How It’s New York: 9/11 mainly invokes New York, although it is important to remember it also hit in New Jerset and D.C. too. But Ground Zero was here. It’s been a sore point recently, with debates over mosques, but the building is going forward. As building always does in New York.
How It’s Irish: Bill Baroni, former New Jersey Senator who took reporter Vincent Murphy on the tour, has dual citizenship– American and Irish.
Tuesday September 6, 2011
At Ground Zero, A New World Trade Center Begins To Take Shape
By Vincent Murphy
On Sunday next, New York will reclaim a patch of land from history.
For ten years, a high perimeter fence has blocked Ground Zero from public view, but now the first piece of the re-imagined World Trade Center is set to be unveiled.
The fences will move, and a permanent 9/11 Memorial Plaza will become a part of Lower Manhattan’s landscape.
In the footprints of where the Twin Towers once stood, two giant reflecting pools have been carved out of the ground.
When water starts cascading down their granite sides next week, they will be the biggest man-made waterfalls on the planet.
Called “Reflecting Absence”, Michael Ared’s design strikes the right tone.
At once, it conveys the scale of what was lost when planes smashed into the iconic buildings a decade ago, and offers a dignified nod to the thousands who died.
Towers will rise around them, and thousands of people will once again call the World Trade Center their workplace.
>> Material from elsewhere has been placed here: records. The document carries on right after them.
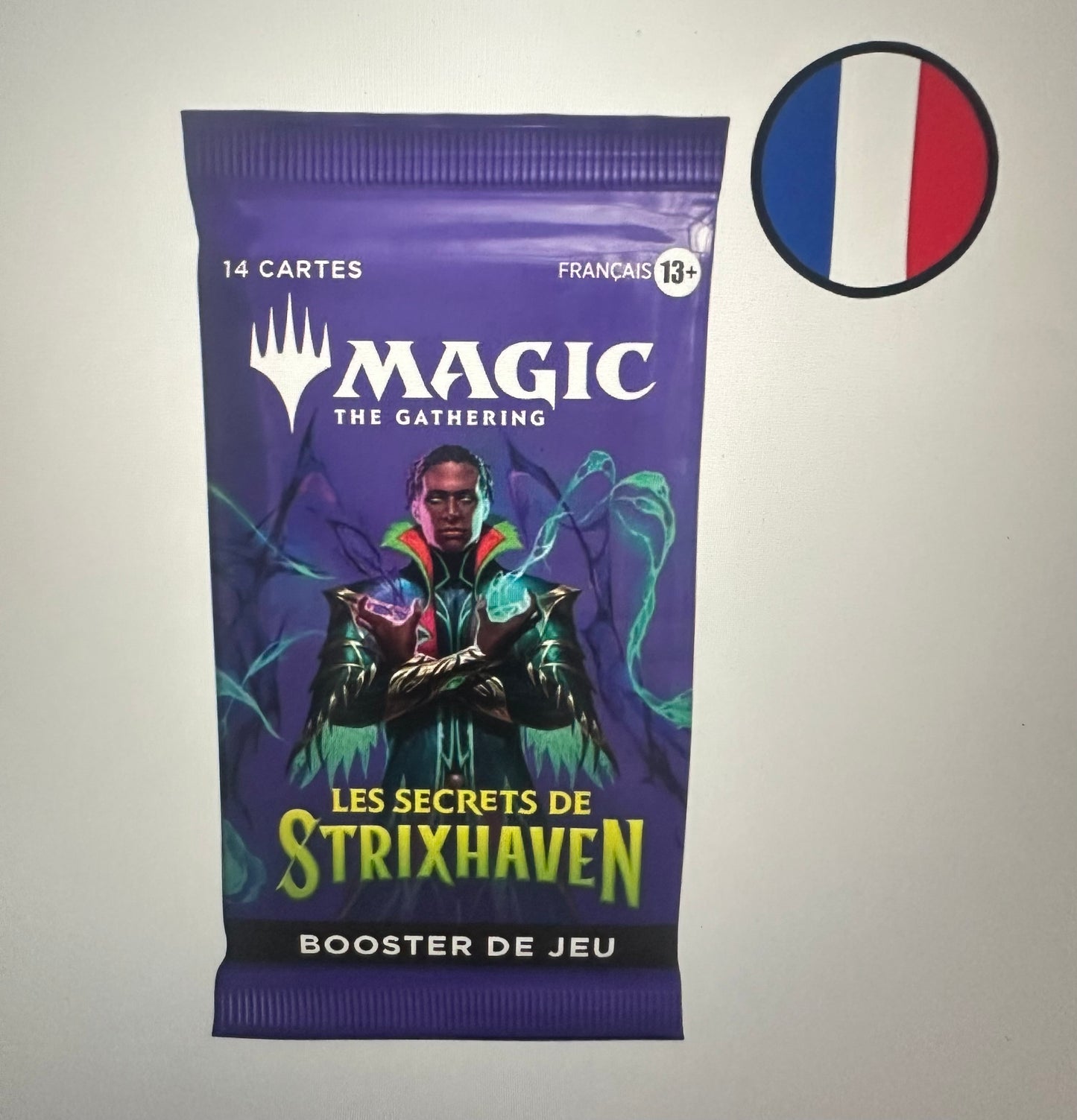 Booster de Jeu - Les Secrets de Strixhaven | Magic: The Gathering FR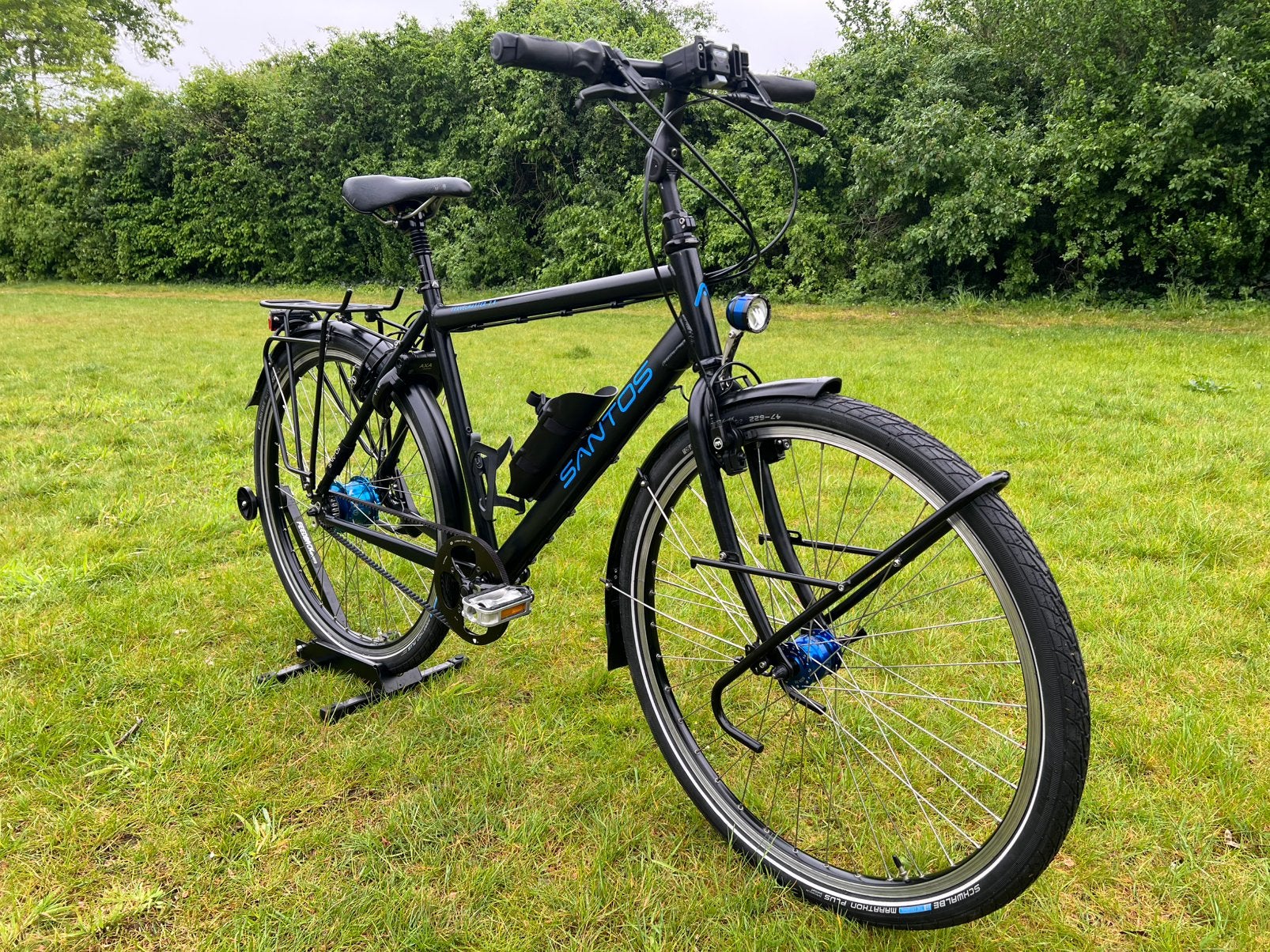 Santos Travemaster 2.8 maat 53 cm Rohloff Riem Son Magura HS, Ophalen of Verzenden, Gebruikt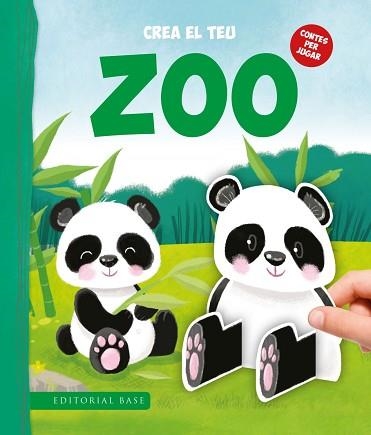 CREA EL TEU ZOO | 9788417759155 | GEY,EVA M. | Llibreria Geli - Llibreria Online de Girona - Comprar llibres en català i castellà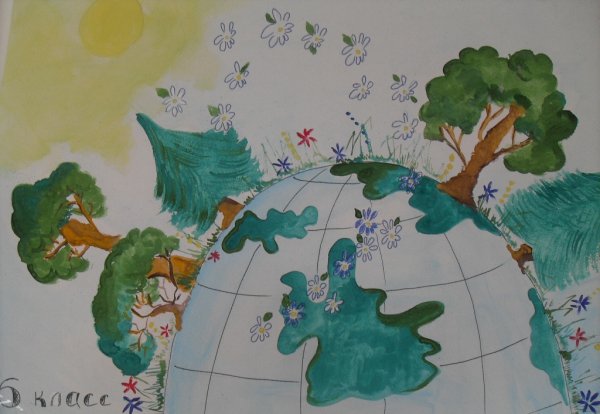 Рисунки по географии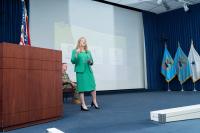 DLA Energy Commander outlines strategic vision and aligns mission tenets at inaugural all-hands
But not here – not on the exact spot where the old towers stood and so many perished.
Around the edges of the pools, carved in bronze are the names of all the victims of the Nine Eleven attacks – not just those in New York, but in Washington and Pennsylvania too.
“What we hope is that the families who lost so much – husbands, wives, kids – walk out in the Plaza next week, will say that we did our job with dignity, humility and honoring the people we lost,” said Bill Baroni, as he took me on a tour of the site last week.
Baroni is deputy executive director of the Port Authority of New York and New Jersey, which is responsible for the rebuilding effort. The former New Jersey Senator, who holds dual Irish and US citizenship, is keenly aware of how important it is to get the memorial finished in time for the 10th anniversary.